### Task objective:
From the line with "Artistic Sketch Of" to the line with "Lovely Woman Girls", output every line below exactly, both ends included. Skip the pictures.

### Given records:
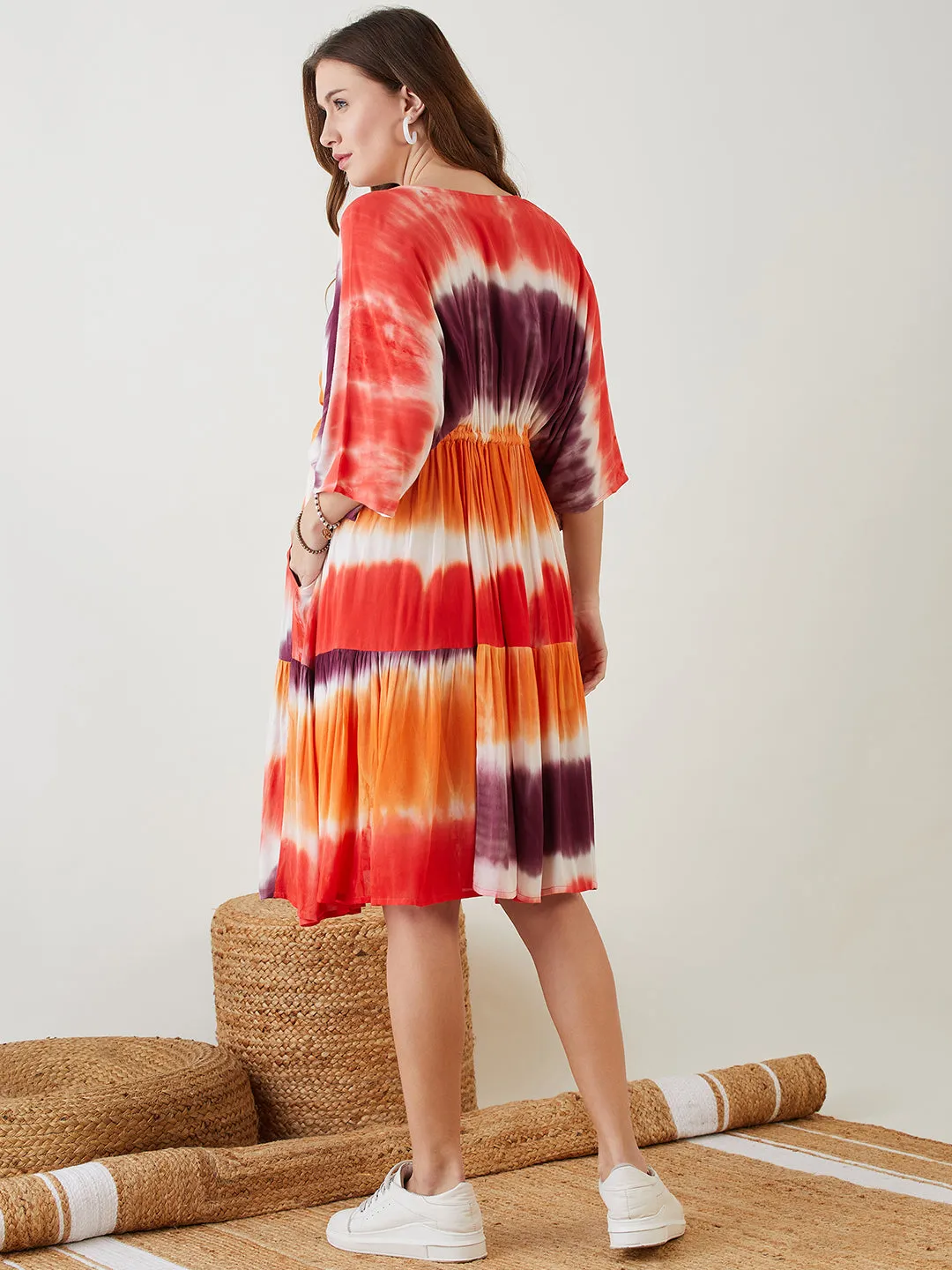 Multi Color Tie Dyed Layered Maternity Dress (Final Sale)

...

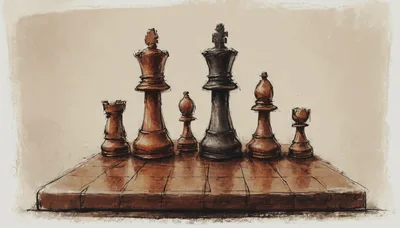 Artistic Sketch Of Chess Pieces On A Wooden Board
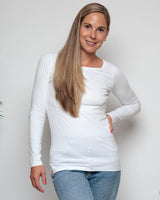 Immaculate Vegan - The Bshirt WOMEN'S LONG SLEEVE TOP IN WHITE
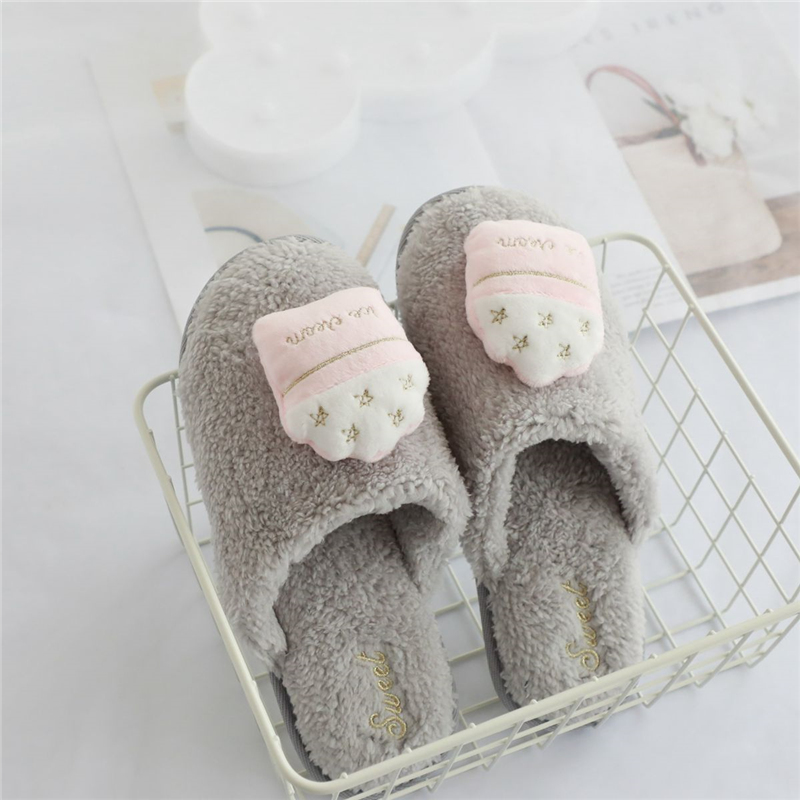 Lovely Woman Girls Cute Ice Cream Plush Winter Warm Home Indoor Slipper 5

### Finished exercise:
 Artistic Sketch Of Chess Pieces On A Wooden Board
 Immaculate Vegan - The Bshirt WOMEN'S LONG SLEEVE TOP IN WHITE
 Lovely Woman Girls Cute Ice Cream Plush Winter Warm Home Indoor Slipper 5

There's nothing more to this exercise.